When I started at HBS in the fall of 2020, I had one goal in mind: to challenge myself. I previously worked in communications at Cloudflare, a security, performance and reliability company founded in 2009 by two HBS alumni. Cloudflare had started as an idea on the back of a napkin during a school trip, so I knew that HBS was a place where entrepreneurship thrived.

With this in mind, I decided to jump at the opportunity to join Startup Bootcamp, a two-week Short Intensive Program (SIP) or class that takes place between the first and second term. It offers a learn-by-doing approach to help students build the skills required of an early-stage entrepreneur. You can participate as a “joiner” or a “founder.” I had initially planned to participate as a joiner and see where my skill set was most needed, but when the idea for a zero-proof cocktail popped into my head one night while I sipped a boring sparkling water, I chose to challenge myself and instead recruit a team to work on my idea. I ended up working with Mariah Wood, Nicole Delany and Carlton Burrell, fellow classmates who were equally passionate about the idea of creating a sophisticated offering that drinkers and non-drinkers alike could enjoy in any social setting.

With my dream team in place, we were able to develop a compelling product, vision and go-to-market strategy. More importantly, I learned a few key things that I will take with me:

Your solution might not fit the problem.

I had a pretty clear idea of what I wanted to create going into Bootcamp. Our advisors, however, really pushed us to dive deep into customer discovery, surveys and experiments to truly understand the problem we were trying to solve. In talking with potential customers and conducting hours upon hours of interviews, we realized that there were pain points that our initial idea wouldn’t necessarily solve. Taking a step back and erasing biases around our idea allowed us to better understand the true value we would be creating and helped us to determine who our target customer would be. It seems my team was not alone. Many teams seemed to return back to the drawing board, and I think we’re all better for it.

A good team is everything.

I was admittedly a bit nervous going into Bootcamp. I was worried about it turning into a group project horror story like those I’d experienced in undergrad. Instead, my team was engaged, passionate and extremely invested in the idea. I was so thankful to have a team that backed my initial idea and ran with it. Additionally, my team was a great combination of skill sets and backgrounds. I made a point to recruit outside of my section because I wanted to meet more people from HBS. The result was that we all came into the class with no prior experience together and were able to build a relationship around the experience and our venture. The strength of our team showed. By the end of the two weeks, we were gelling really well and our mock investors noted that it seemed like we’d worked together before!

Having a personal connection to your idea really helps.

We were told many times throughout Bootcamp that passion around your idea is key. It wasn’t until the end of the two weeks that I realized how true that is. When they call Startup Bootcamp an “intensive” program, they mean it. There were days that we worked from 9 to 5 on zoom and then logged on again in the evening to work on our website, survey or final pitch deck. This may be normal for a budding startup, but for a school program, it seemed like a lot. I was exhausted, but I wanted to keep going.
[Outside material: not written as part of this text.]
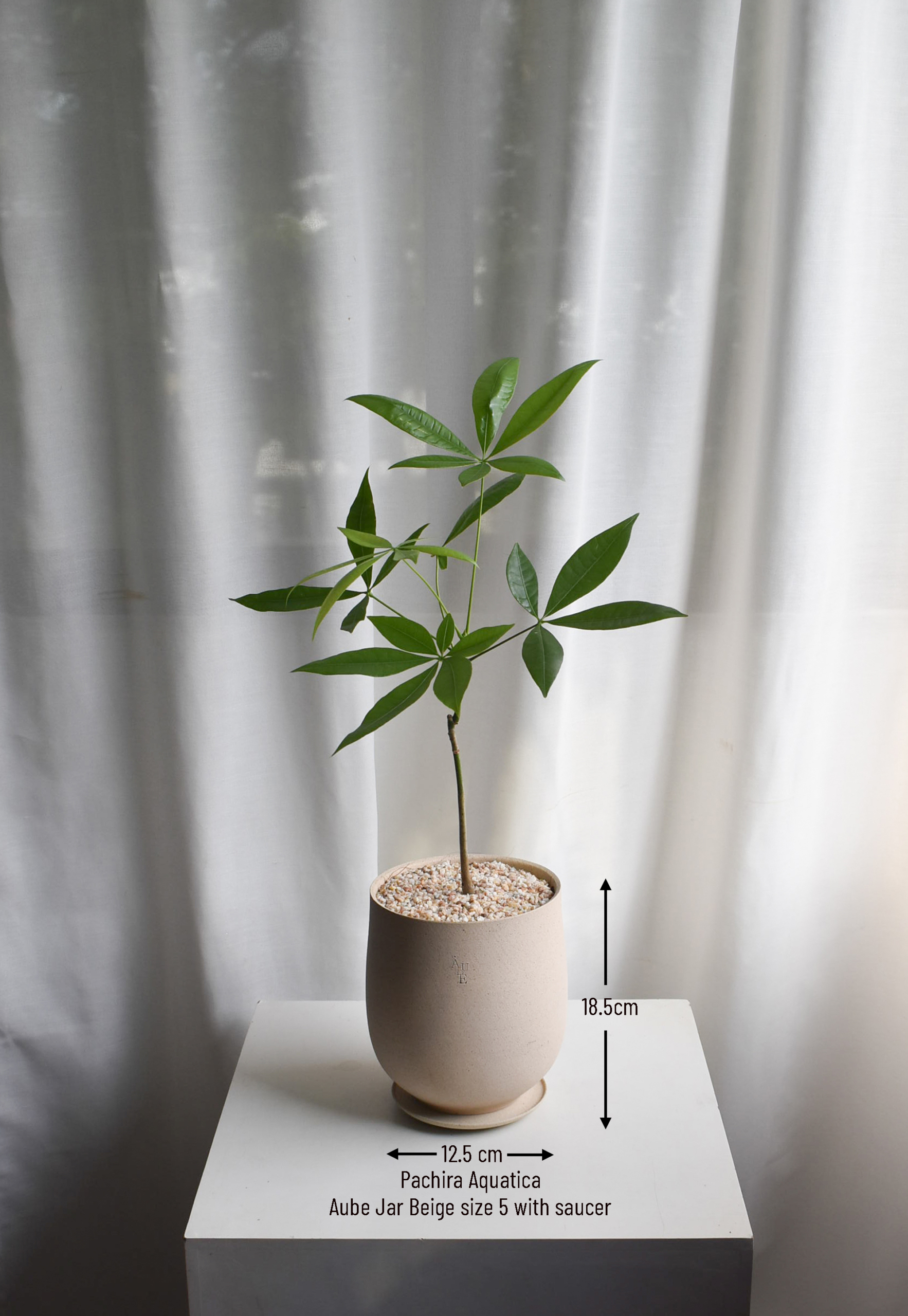 Pachira Aquatica in Aube Jar - Image 4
This passion drove our team and without it, I don’t know how we could’ve gotten through the two weeks still smiling. I also learned that passion really helps when you start pitching. Investors love the financials and market opportunity but especially at an early stage, they’re investing in YOU. VCs can tell if you are connected to your product, and having a personal origin story is a huge differentiator.

I’d urge anyone even curious about entrepreneurship, or just looking for something to do in January, to pursue Startup Bootcamp. Beyond the business skills, I made great new friends, met a slew of awesome advisors and proved to myself that I could make something out of the tiny seed of an idea.